Les mathématiques peuvent être définies de plusieurs façons, complémentaires :
- la science des nombres et de l’espace
- la science des formes de déduction
- la science des structures, des modèles ou de tous les mondes possibles On pourrait aussi parler de la Mathématique pour souligner que les diverses composantes de celle-ci (algèbre, analyse, géométrie, etc.) sont en fait seulement des façons différentes d'étudier ou de créer des systèmes structurés par des relations (notion généralisée de graphes). Dans cette optique la mathématique est vue comme un édifice à construire ou à reconstruire. Mathématique vient du grec μάθημα (mathêma), science, connaissance, apprentissage (mathematikos : qui aime apprendre). L’origine historique des mathématiques est liée à leurs applications concrètes, le commerce, la mesure des surfaces, la prédiction des évènements astronomiques.

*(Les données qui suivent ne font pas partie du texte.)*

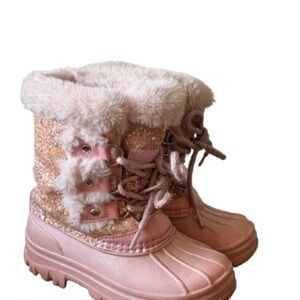 London Fog Pink Glitter Kids Boots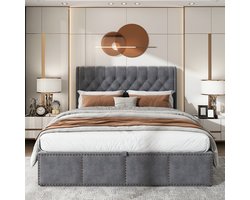 Bed met opbergruimte 140x200 cm met geklonken decoratie, volwassen bed met lattenbodem, gestoffeerd bed in fluweel, grijs(Matras niet inbegrepen)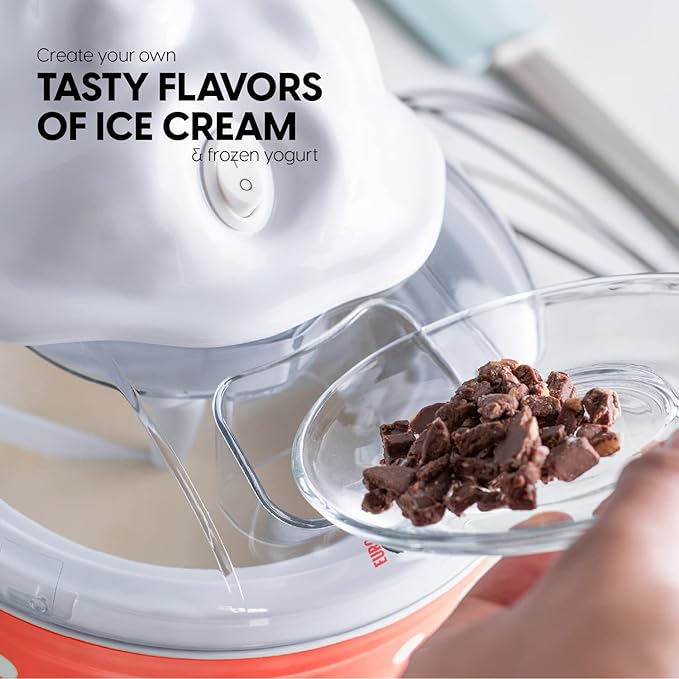 Euro Cuisine Ice Cream, Sorbet & Frozen Yogurt Maker, Homemade Gelato & Soft Serve Kids Ice Cream Maker Machine with 4 Glass Cups - Double-Insulated Freezer Bowl, Mixing Paddle, Lid - 1.5 Quart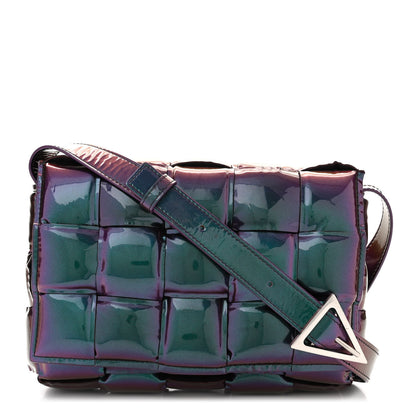 Bottega Veneta Glossy Nail Polish Nappa Maxi Intreccio Padded Cassette Crossbody Bag Holographic 1 of 13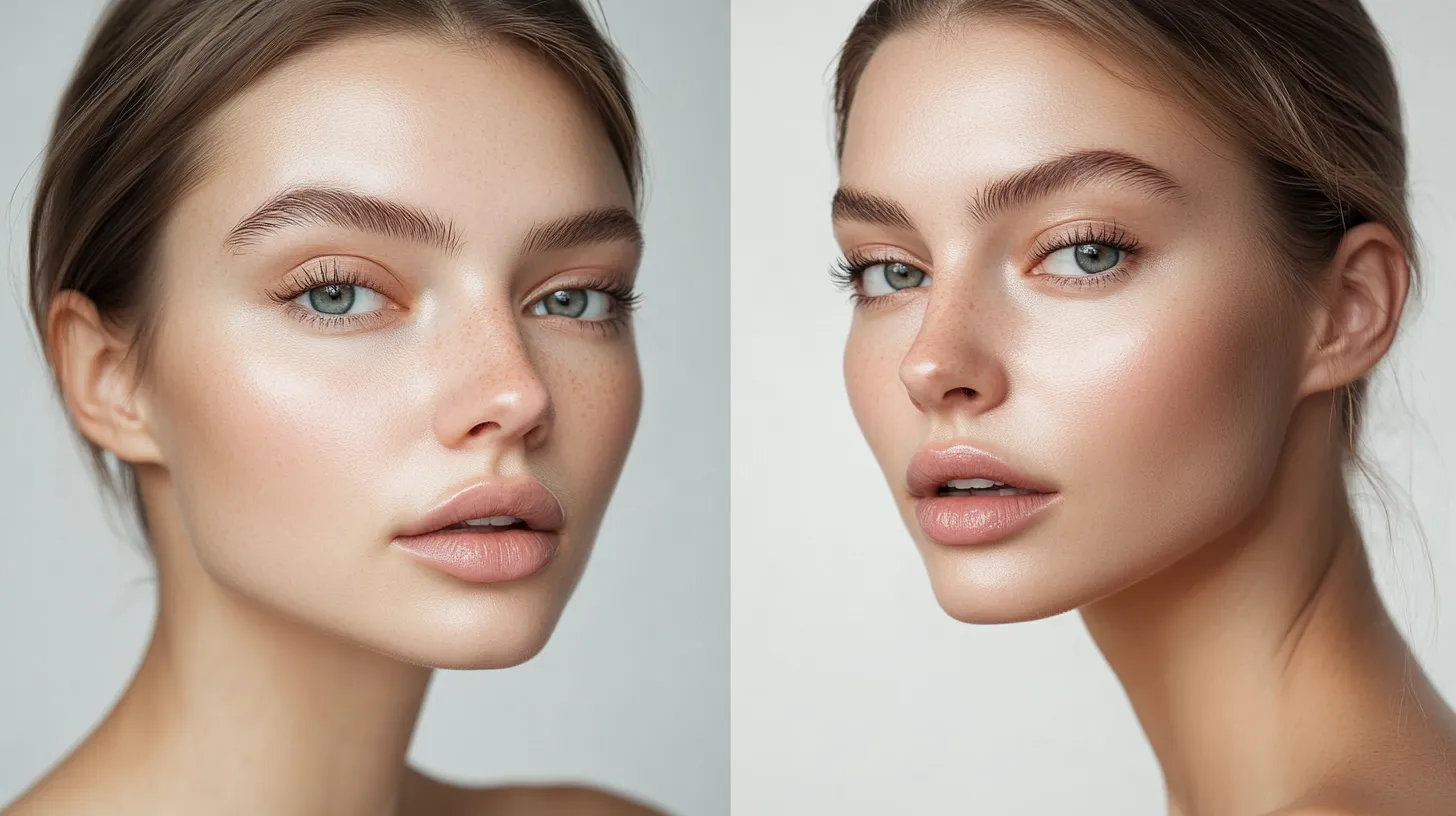 Editorial before and after of butter lips trend done at home from bare face to glazed warm pillowy lip result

L'adjectif mathématique qualifie tout objet, concept ou terme relatif aux mathématiques. Dans ce sens il s'accorde au mot auquel il est associé, contrairement au terme qui désigne la science des mathématiques, qui est le plus souvent employé au pluriel. La Mathématique, au singulier, n'est plus guère usitée que de manière didactique. L'expression « c'est mathématique » signifie qu'il existe une logique interne et inéluctable propre à l'évènement ou à la série d'évènements ainsi commentée. :« La possibilité même de la science mathématique semble une contradiction insoluble. Si cette science n'est déductive qu'en apparence, d'où lui vient cette parfaite rigueur que personne ne songe à mettre en doute ? Si, au contraire, toutes les propositions qu'elle énonce peuvent se tirer les unes des autres par les règles de la logique formelle, comment la mathématique ne se réduit-elle pas à une immense tautologie ? Le syllogisme ne peut rien nous apprendre d'essentiellement nouveau et, si tout devait sortir du principe d'identité, tout devrait aussi pouvoir s'y ramener. » ::Henri Poincaré, La Science et l'hypothèse

Définitions des mathématiques

La science des nombres et de l’espace

L'étude des mathématiques commence avec les nombres, tout d'abord avec les nombres naturels et les nombres entiers. Les règles gouvernant les opérations usuelles sur les nombres (addition, multiplication, soustraction, division) font partie de l'arithmétique élémentaire. L'algèbre élémentaire est fondée sur l'abstraction de ces règles. L'étude des surfaces simples (polygones, cercles,...) forme la géométrie élémentaire...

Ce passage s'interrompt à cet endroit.